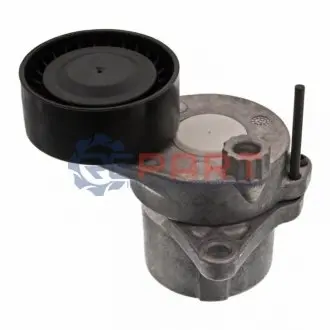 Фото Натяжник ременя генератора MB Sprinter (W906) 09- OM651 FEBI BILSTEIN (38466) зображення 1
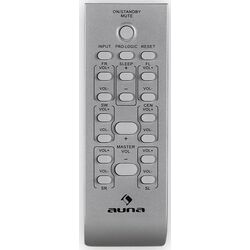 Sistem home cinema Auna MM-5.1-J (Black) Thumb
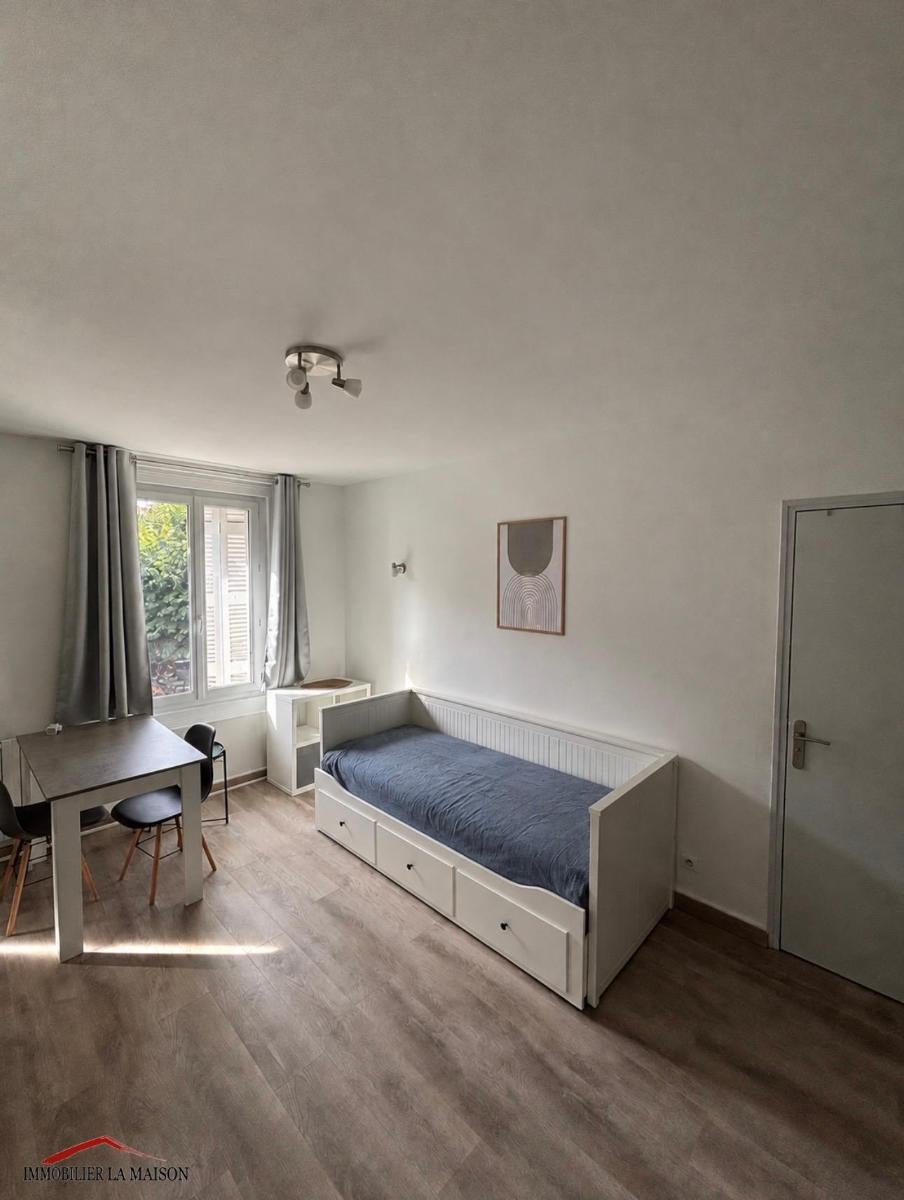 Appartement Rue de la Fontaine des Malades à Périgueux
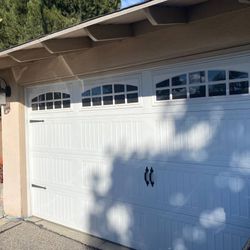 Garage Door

● ● ● ● ●

EXERCISE OBJECTIVE: The reply should repeat the data in full, exactly as given, and contain no pictures.

TASK OUTPUT:
 Фото Натяжник ременя генератора MB Sprinter (W906) 09- OM651 FEBI BILSTEIN (38466) зображення 1
 Sistem home cinema Auna MM-5.1-J (Black) Thumb
 Appartement Rue de la Fontaine des Malades à Périgueux
 Garage Door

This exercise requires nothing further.